Deborah Lupton, Vitalities Lab, Centre for Social Research in Health, Social Policy Research Centre and ARC Centre of Excellence for Automated Decision-Making and Society

Location

Melbourne (Naarm)

Year

2023/2024

Project type

Bio art, video work

The work with forests is founded in the more-than-human theory and research in which I engage, which acknowledges that humans are always part of assemblages with other living things, non-living things, place and space. I am interested in how people’s knowledges and affective states related to their bodies and states of health and wellbeing are generated with and through their affective and multisensory engagements with forests/bushland and other ecosystems, such as those involving waterways or fungal colonies. I draw on both ‘old materialisms’ (cosmologies existing for millennia in First Nations and pre-Enlightenment cultures) and ‘new materialisms’ (the latest philosophies concerning naturecultures) in conducting these investigations. My approach is interdisciplinary, spanning health sociology, environmental sociology, the health humanities, the environmental humanities, social and cultural geography, and internet and new media studies.

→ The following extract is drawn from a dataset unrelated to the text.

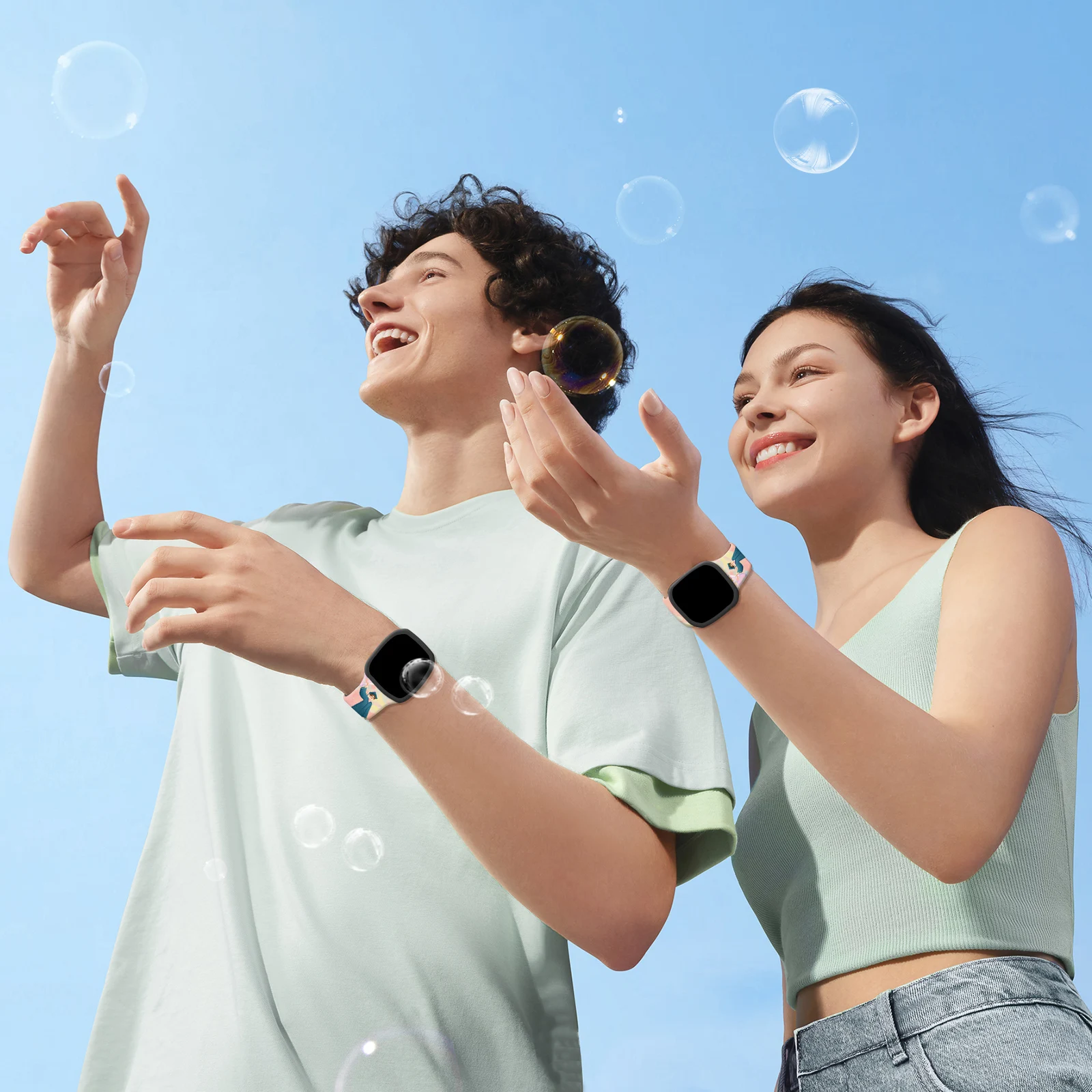 حزام موسم التخرج لساعة أبل 10 9 8 7 سوار من السيليكون قابل للاستبدال لساعة iWatch 38 مللي متر 40 مللي متر 41 مللي متر 42 مللي متر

The ‘More-than-Human Wellbeing’ projects are examples where I have explored these issues using creative, arts-based and curatorial approaches and curated an exhibition designed to attune people to their relationships with other species and with place and space in the natural world. The ‘More-than-Human Wellbeing’ exhibition involved working with artists to create artworks for display, with a dominant material being that of recycled wood that showed the markings of its own growth and history as well as humans’ uses of it (Figure 1). We also combined the natural fabric of silk (made by silkworms from mulberry tree leaves) with images combining historical anatomical and botanical prints to reflect the entanglements of human bodies with the plant and fungal worlds (Figure 2).